- [What is expected] In the listing below, the lines starting at the line with "Rocketlamp | Floor Lamp | Cherry" and ending at the line with "CD Various: Instrumental Nuggets Volume Two" are to be output verbatim. Images stay out of the copy.

Extracted data: Begin

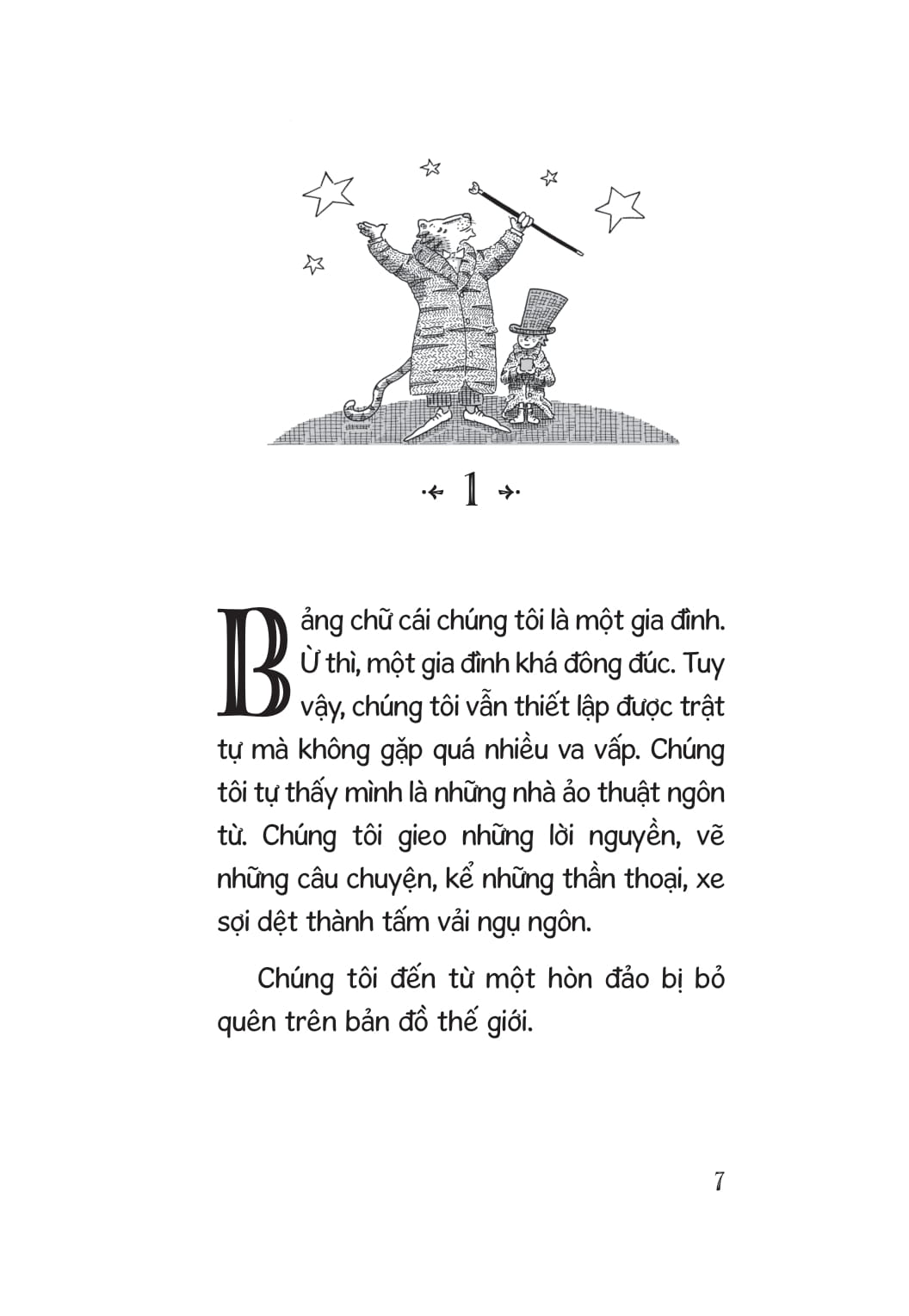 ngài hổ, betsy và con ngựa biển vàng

Extracted data: End
Extracted data: Begin

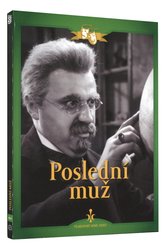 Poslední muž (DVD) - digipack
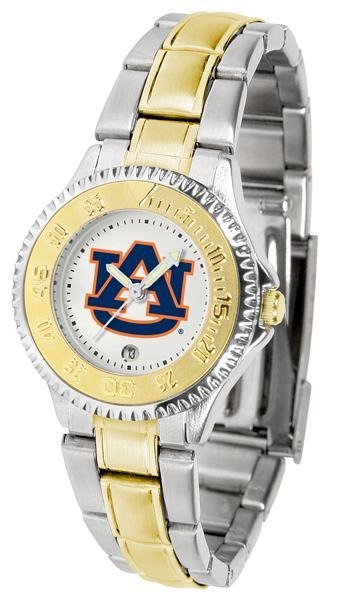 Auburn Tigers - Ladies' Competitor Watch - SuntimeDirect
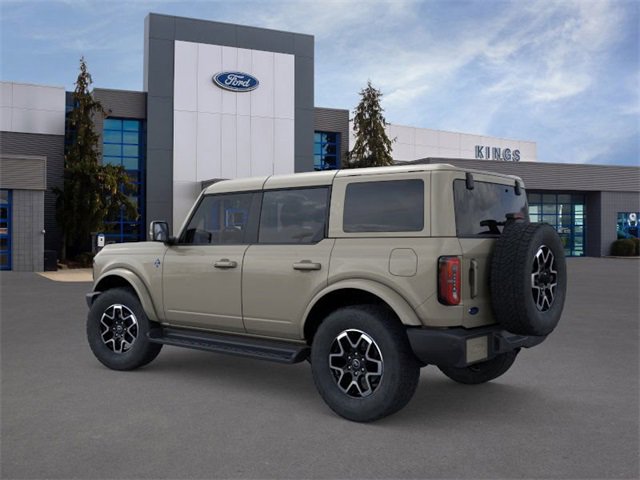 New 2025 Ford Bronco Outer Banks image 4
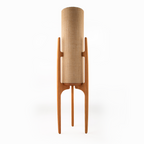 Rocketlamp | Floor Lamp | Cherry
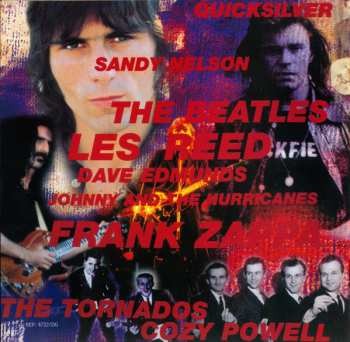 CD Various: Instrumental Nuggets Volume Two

Extracted data: End

- [Finished exercise]
 Rocketlamp | Floor Lamp | Cherry
 CD Various: Instrumental Nuggets Volume Two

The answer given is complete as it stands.